Restating the data word for word is all that is required.
-- Working data follows --
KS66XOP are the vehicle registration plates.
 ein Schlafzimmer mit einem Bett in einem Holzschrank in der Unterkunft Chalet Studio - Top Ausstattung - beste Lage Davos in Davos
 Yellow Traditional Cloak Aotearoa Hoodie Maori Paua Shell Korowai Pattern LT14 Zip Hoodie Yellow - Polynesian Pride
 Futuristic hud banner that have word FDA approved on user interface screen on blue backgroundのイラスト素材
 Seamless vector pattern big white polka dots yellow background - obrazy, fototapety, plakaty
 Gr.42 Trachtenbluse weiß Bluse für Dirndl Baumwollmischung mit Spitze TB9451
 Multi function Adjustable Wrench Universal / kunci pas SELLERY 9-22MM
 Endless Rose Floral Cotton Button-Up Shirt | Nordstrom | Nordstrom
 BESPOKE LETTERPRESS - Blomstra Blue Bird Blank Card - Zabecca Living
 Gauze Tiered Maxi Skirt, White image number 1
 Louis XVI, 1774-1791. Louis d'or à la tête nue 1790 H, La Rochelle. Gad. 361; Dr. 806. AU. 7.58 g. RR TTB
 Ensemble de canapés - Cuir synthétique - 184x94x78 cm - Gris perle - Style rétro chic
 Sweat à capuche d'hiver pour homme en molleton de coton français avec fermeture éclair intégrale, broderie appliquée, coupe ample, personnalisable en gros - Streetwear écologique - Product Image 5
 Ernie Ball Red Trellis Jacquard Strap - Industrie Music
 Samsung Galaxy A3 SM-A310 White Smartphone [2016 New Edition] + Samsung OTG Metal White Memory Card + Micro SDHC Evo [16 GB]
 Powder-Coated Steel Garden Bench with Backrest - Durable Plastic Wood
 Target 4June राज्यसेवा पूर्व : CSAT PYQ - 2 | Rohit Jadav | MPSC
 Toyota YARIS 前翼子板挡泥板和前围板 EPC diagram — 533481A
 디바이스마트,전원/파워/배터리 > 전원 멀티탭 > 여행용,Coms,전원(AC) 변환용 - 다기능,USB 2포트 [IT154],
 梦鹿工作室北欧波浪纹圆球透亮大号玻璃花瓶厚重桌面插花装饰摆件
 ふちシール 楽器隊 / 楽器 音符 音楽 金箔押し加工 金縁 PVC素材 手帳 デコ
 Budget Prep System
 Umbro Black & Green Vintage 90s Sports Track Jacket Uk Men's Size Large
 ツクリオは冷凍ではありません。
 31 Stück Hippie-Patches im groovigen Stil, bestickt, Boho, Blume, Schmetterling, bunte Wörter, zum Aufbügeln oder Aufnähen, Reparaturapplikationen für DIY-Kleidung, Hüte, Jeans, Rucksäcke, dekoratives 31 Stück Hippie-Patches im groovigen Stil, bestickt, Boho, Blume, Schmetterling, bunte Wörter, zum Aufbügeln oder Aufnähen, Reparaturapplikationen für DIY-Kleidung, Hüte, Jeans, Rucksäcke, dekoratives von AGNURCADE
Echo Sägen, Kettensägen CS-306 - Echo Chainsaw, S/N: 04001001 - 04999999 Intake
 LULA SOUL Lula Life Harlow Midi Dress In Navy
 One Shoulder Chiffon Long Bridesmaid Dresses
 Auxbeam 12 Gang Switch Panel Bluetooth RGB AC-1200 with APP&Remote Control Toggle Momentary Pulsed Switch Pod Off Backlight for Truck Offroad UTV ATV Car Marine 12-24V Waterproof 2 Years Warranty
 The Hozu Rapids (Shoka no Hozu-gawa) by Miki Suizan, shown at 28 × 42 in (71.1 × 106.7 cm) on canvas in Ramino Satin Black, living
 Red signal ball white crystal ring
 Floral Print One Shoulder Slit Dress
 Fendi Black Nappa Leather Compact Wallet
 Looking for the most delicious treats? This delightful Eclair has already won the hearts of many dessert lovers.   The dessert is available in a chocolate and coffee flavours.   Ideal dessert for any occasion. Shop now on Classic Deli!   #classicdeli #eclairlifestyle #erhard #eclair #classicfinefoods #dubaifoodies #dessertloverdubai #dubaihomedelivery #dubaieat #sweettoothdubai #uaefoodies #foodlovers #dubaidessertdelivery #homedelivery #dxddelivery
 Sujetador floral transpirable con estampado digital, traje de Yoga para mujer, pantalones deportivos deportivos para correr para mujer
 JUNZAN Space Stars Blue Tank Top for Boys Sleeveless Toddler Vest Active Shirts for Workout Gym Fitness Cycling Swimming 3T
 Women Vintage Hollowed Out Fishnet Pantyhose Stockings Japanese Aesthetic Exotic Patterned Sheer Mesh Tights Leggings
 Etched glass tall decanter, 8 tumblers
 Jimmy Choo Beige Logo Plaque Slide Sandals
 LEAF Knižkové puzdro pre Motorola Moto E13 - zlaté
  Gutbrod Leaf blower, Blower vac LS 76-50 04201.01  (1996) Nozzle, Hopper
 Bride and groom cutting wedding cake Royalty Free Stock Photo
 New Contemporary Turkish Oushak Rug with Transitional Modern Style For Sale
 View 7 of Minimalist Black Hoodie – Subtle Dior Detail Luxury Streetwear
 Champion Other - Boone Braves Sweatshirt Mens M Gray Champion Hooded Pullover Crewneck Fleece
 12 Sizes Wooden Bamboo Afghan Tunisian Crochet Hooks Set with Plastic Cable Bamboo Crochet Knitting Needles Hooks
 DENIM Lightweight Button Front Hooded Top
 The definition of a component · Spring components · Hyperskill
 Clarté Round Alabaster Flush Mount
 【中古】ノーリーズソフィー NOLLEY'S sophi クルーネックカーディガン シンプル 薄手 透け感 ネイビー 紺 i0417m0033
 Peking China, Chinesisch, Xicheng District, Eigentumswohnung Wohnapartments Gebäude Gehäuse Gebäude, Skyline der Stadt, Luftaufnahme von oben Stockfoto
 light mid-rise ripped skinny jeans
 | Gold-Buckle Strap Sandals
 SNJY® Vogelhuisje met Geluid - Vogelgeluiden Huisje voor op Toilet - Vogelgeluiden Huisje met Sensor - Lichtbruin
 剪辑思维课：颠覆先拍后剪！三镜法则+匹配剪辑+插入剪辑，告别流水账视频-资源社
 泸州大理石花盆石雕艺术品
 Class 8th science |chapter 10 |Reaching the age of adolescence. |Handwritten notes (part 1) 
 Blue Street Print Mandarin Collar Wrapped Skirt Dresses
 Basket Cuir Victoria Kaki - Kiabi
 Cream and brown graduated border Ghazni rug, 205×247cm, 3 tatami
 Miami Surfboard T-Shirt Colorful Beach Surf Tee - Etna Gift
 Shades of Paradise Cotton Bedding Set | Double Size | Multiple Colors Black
-- Working data concluded --
Written reply>
KS66XOP are the vehicle registration plates.
 ein Schlafzimmer mit einem Bett in einem Holzschrank in der Unterkunft Chalet Studio - Top Ausstattung - beste Lage Davos in Davos
 Yellow Traditional Cloak Aotearoa Hoodie Maori Paua Shell Korowai Pattern LT14 Zip Hoodie Yellow - Polynesian Pride
 Futuristic hud banner that have word FDA approved on user interface screen on blue backgroundのイラスト素材
 Seamless vector pattern big white polka dots yellow background - obrazy, fototapety, plakaty
 Gr.42 Trachtenbluse weiß Bluse für Dirndl Baumwollmischung mit Spitze TB9451
 Multi function Adjustable Wrench Universal / kunci pas SELLERY 9-22MM
 Endless Rose Floral Cotton Button-Up Shirt | Nordstrom | Nordstrom
 BESPOKE LETTERPRESS - Blomstra Blue Bird Blank Card - Zabecca Living
 Gauze Tiered Maxi Skirt, White image number 1
 Louis XVI, 1774-1791. Louis d'or à la tête nue 1790 H, La Rochelle. Gad. 361; Dr. 806. AU. 7.58 g. RR TTB
 Ensemble de canapés - Cuir synthétique - 184x94x78 cm - Gris perle - Style rétro chic
 Sweat à capuche d'hiver pour homme en molleton de coton français avec fermeture éclair intégrale, broderie appliquée, coupe ample, personnalisable en gros - Streetwear écologique - Product Image 5
 Ernie Ball Red Trellis Jacquard Strap - Industrie Music
 Samsung Galaxy A3 SM-A310 White Smartphone [2016 New Edition] + Samsung OTG Metal White Memory Card + Micro SDHC Evo [16 GB]
 Powder-Coated Steel Garden Bench with Backrest - Durable Plastic Wood
 Target 4June राज्यसेवा पूर्व : CSAT PYQ - 2 | Rohit Jadav | MPSC
 Toyota YARIS 前翼子板挡泥板和前围板 EPC diagram — 533481A
 디바이스마트,전원/파워/배터리 > 전원 멀티탭 > 여행용,Coms,전원(AC) 변환용 - 다기능,USB 2포트 [IT154],
 梦鹿工作室北欧波浪纹圆球透亮大号玻璃花瓶厚重桌面插花装饰摆件
 ふちシール 楽器隊 / 楽器 音符 音楽 金箔押し加工 金縁 PVC素材 手帳 デコ
 Budget Prep System
 Umbro Black & Green Vintage 90s Sports Track Jacket Uk Men's Size Large
 ツクリオは冷凍ではありません。
 31 Stück Hippie-Patches im groovigen Stil, bestickt, Boho, Blume, Schmetterling, bunte Wörter, zum Aufbügeln oder Aufnähen, Reparaturapplikationen für DIY-Kleidung, Hüte, Jeans, Rucksäcke, dekoratives 31 Stück Hippie-Patches im groovigen Stil, bestickt, Boho, Blume, Schmetterling, bunte Wörter, zum Aufbügeln oder Aufnähen, Reparaturapplikationen für DIY-Kleidung, Hüte, Jeans, Rucksäcke, dekoratives von AGNURCADE
Echo Sägen, Kettensägen CS-306 - Echo Chainsaw, S/N: 04001001 - 04999999 Intake
 LULA SOUL Lula Life Harlow Midi Dress In Navy
 One Shoulder Chiffon Long Bridesmaid Dresses
 Auxbeam 12 Gang Switch Panel Bluetooth RGB AC-1200 with APP&Remote Control Toggle Momentary Pulsed Switch Pod Off Backlight for Truck Offroad UTV ATV Car Marine 12-24V Waterproof 2 Years Warranty
 The Hozu Rapids (Shoka no Hozu-gawa) by Miki Suizan, shown at 28 × 42 in (71.1 × 106.7 cm) on canvas in Ramino Satin Black, living
 Red signal ball white crystal ring
 Floral Print One Shoulder Slit Dress
 Fendi Black Nappa Leather Compact Wallet
 Looking for the most delicious treats? This delightful Eclair has already won the hearts of many dessert lovers.   The dessert is available in a chocolate and coffee flavours.   Ideal dessert for any occasion. Shop now on Classic Deli!   #classicdeli #eclairlifestyle #erhard #eclair #classicfinefoods #dubaifoodies #dessertloverdubai #dubaihomedelivery #dubaieat #sweettoothdubai #uaefoodies #foodlovers #dubaidessertdelivery #homedelivery #dxddelivery
 Sujetador floral transpirable con estampado digital, traje de Yoga para mujer, pantalones deportivos deportivos para correr para mujer
 JUNZAN Space Stars Blue Tank Top for Boys Sleeveless Toddler Vest Active Shirts for Workout Gym Fitness Cycling Swimming 3T
 Women Vintage Hollowed Out Fishnet Pantyhose Stockings Japanese Aesthetic Exotic Patterned Sheer Mesh Tights Leggings
 Etched glass tall decanter, 8 tumblers
 Jimmy Choo Beige Logo Plaque Slide Sandals
 LEAF Knižkové puzdro pre Motorola Moto E13 - zlaté
  Gutbrod Leaf blower, Blower vac LS 76-50 04201.01  (1996) Nozzle, Hopper
 Bride and groom cutting wedding cake Royalty Free Stock Photo
 New Contemporary Turkish Oushak Rug with Transitional Modern Style For Sale
 View 7 of Minimalist Black Hoodie – Subtle Dior Detail Luxury Streetwear
 Champion Other - Boone Braves Sweatshirt Mens M Gray Champion Hooded Pullover Crewneck Fleece
 12 Sizes Wooden Bamboo Afghan Tunisian Crochet Hooks Set with Plastic Cable Bamboo Crochet Knitting Needles Hooks
 DENIM Lightweight Button Front Hooded Top
 The definition of a component · Spring components · Hyperskill
 Clarté Round Alabaster Flush Mount
 【中古】ノーリーズソフィー NOLLEY'S sophi クルーネックカーディガン シンプル 薄手 透け感 ネイビー 紺 i0417m0033
 Peking China, Chinesisch, Xicheng District, Eigentumswohnung Wohnapartments Gebäude Gehäuse Gebäude, Skyline der Stadt, Luftaufnahme von oben Stockfoto
 light mid-rise ripped skinny jeans
 | Gold-Buckle Strap Sandals
 SNJY® Vogelhuisje met Geluid - Vogelgeluiden Huisje voor op Toilet - Vogelgeluiden Huisje met Sensor - Lichtbruin
 剪辑思维课：颠覆先拍后剪！三镜法则+匹配剪辑+插入剪辑，告别流水账视频-资源社
 泸州大理石花盆石雕艺术品
 Class 8th science |chapter 10 |Reaching the age of adolescence. |Handwritten notes (part 1) 
 Blue Street Print Mandarin Collar Wrapped Skirt Dresses
 Basket Cuir Victoria Kaki - Kiabi
 Cream and brown graduated border Ghazni rug, 205×247cm, 3 tatami
 Miami Surfboard T-Shirt Colorful Beach Surf Tee - Etna Gift
 Shades of Paradise Cotton Bedding Set | Double Size | Multiple Colors Black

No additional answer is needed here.